Without carrying over a single picture, write out the records below exactly.

================

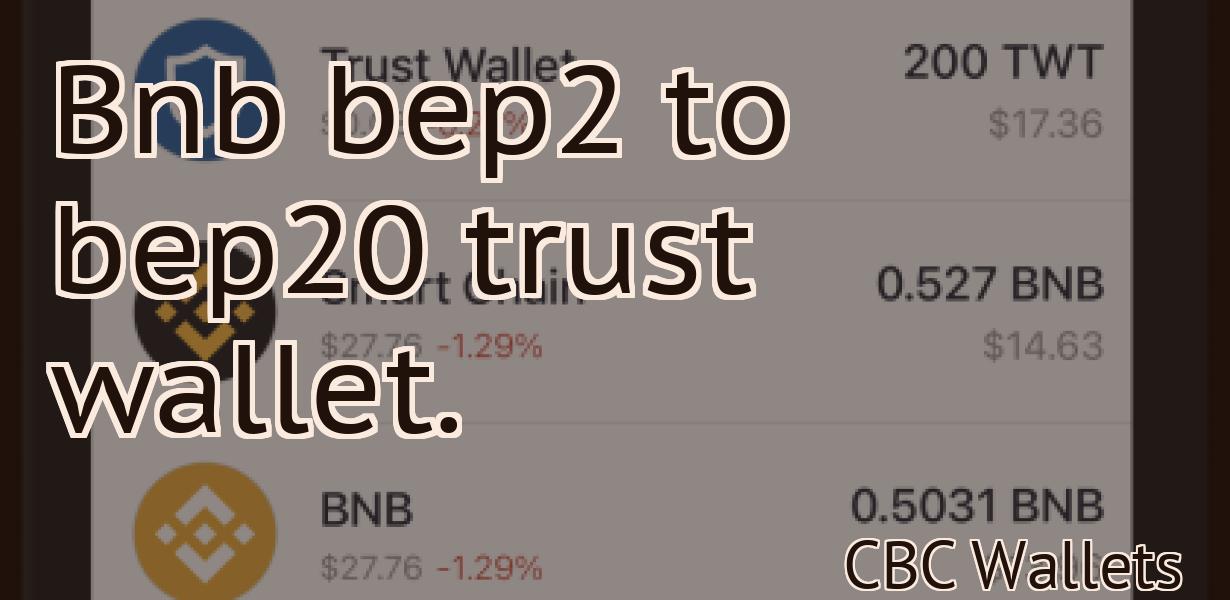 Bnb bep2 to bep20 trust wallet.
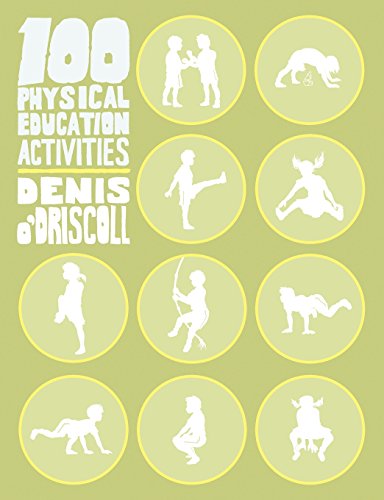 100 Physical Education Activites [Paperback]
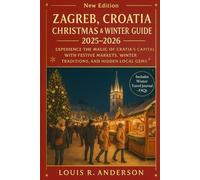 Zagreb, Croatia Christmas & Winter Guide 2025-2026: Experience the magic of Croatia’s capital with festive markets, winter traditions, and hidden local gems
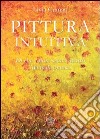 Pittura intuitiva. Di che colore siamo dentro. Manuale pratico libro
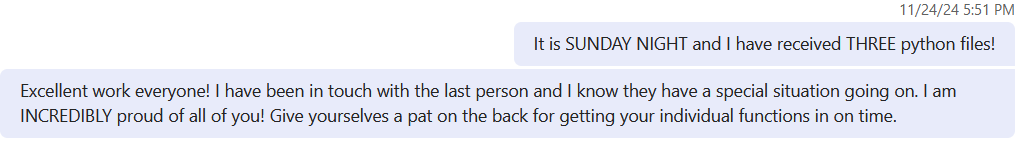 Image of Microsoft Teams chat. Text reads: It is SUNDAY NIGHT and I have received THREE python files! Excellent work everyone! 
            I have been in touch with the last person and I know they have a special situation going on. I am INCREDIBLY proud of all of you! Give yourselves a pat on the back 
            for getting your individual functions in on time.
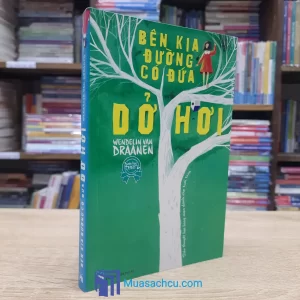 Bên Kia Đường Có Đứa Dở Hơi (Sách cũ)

================

◆ OUTPUT FOR THIS TASK ◆
 Bnb bep2 to bep20 trust wallet.
 100 Physical Education Activites [Paperback]
 Zagreb, Croatia Christmas & Winter Guide 2025-2026: Experience the magic of Croatia’s capital with festive markets, winter traditions, and hidden local gems
 Pittura intuitiva. Di che colore siamo dentro. Manuale pratico libro
 Image of Microsoft Teams chat. Text reads: It is SUNDAY NIGHT and I have received THREE python files! Excellent work everyone! 
            I have been in touch with the last person and I know they have a special situation going on. I am INCREDIBLY proud of all of you! Give yourselves a pat on the back 
            for getting your individual functions in on time.
 Bên Kia Đường Có Đứa Dở Hơi (Sách cũ)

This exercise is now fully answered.